Juan vive solo. Le gustan los
animales. Por ello elige adoptar un perro. No quiere uno muy grande, pues su
piso es pequeño.
El primer paso, es ir a una
asociación donde dan perros en adopción. Un grupo de voluntarios gestionan el
mantenimiento del recinto y del mantenimiento. Muchas ilusiones y ganas de dar
un poco de cariño a estos animales abandonados o recuperados de situaciones
embarazosas. Todos ellos tienen un pasado común: falta de cariño.
Por la cabeza de Juan pasaron
muchas cosas pero pesaba más la que tienen estos perros. Él le ocurre lo mismo.
Pero de dos soledades no surge
una compañía. Aparecen dos aislamientos. Sabiendo esto, emprende la adopción.
El recinto esta lleno de ladridos
y saltos buscando a la persona nueva que aparece, como intuyendo que puede ser
el que les libere de esa estancia. Saltan buscando la caricia pero en sus ojos
una mirada de tristeza.
Juan sabe que solo lo podrá hacer
con uno y de un tamaño reducido.
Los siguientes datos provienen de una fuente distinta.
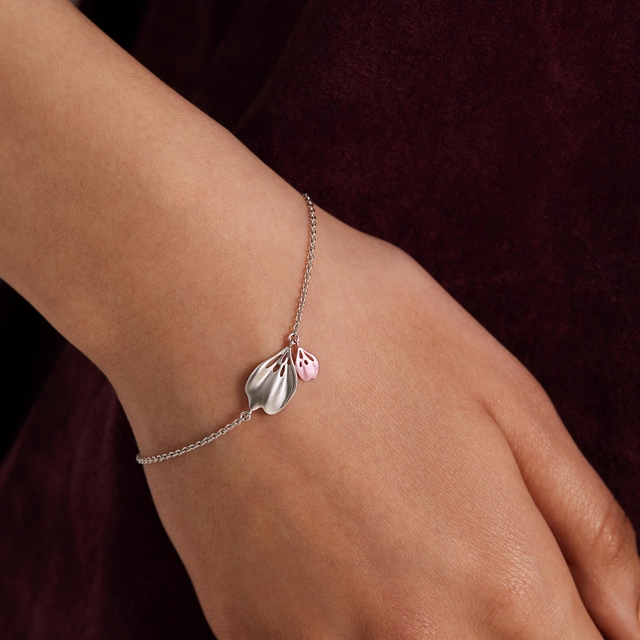 Bransoletka srebrna Kwiaty Nocy Wiśnia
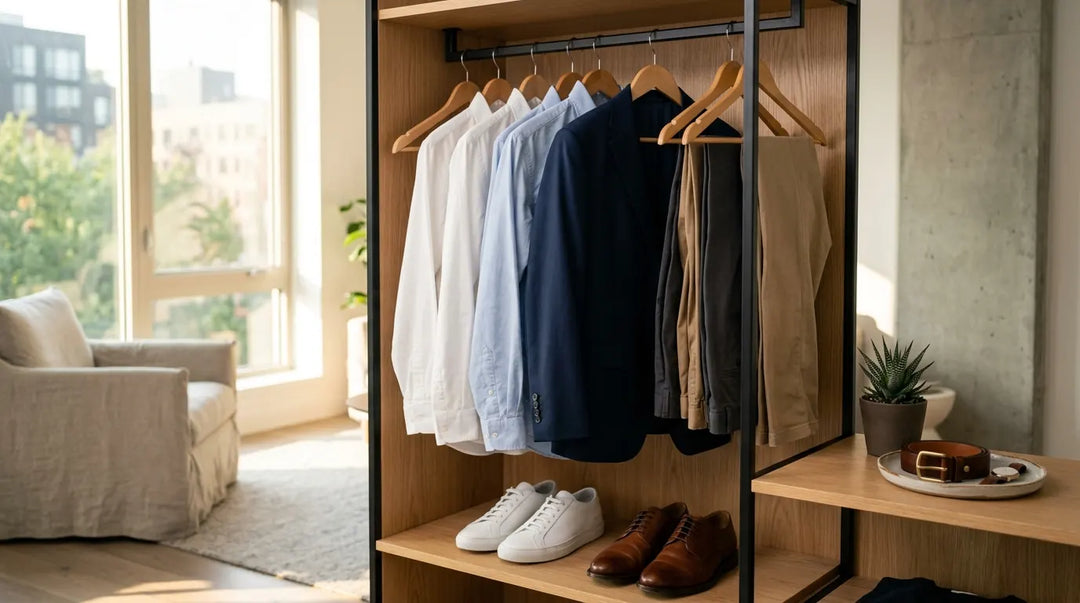 Curated men's capsule wardrobe with blazer, shirts, and chinos in sunlit minimalist room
Su apartamento no da para más.
No tarde en elegir a un perro de
pelaje gris corto. Abona un dinero para el mantenimiento del lugar y compra una
correa y un collar en el mismo sitio.
Van hacía su coche y le pone en
la parte delantera. Están nerviosos y tras unos quinientos metros comienza a
vomitar. Aparca y con la ayuda de unos papeles limpia el desaguisado. Visiblemente
contrariado le regaña, aunque su automóvil ya cuenta con veinte años. Agacha su
cabeza como modo de disculpa pero Juan no lo sabe ver. Siguen el camino y elige
un nombre: le llamara “Brasas”. Extraño pero divertido, aun no le ha oído
ladrar, buen síntoma. Pero en su cabeza surge la duda si habrá sido buena
elección. Nuevos vómitos y la posibilidad de devolverlo, surge.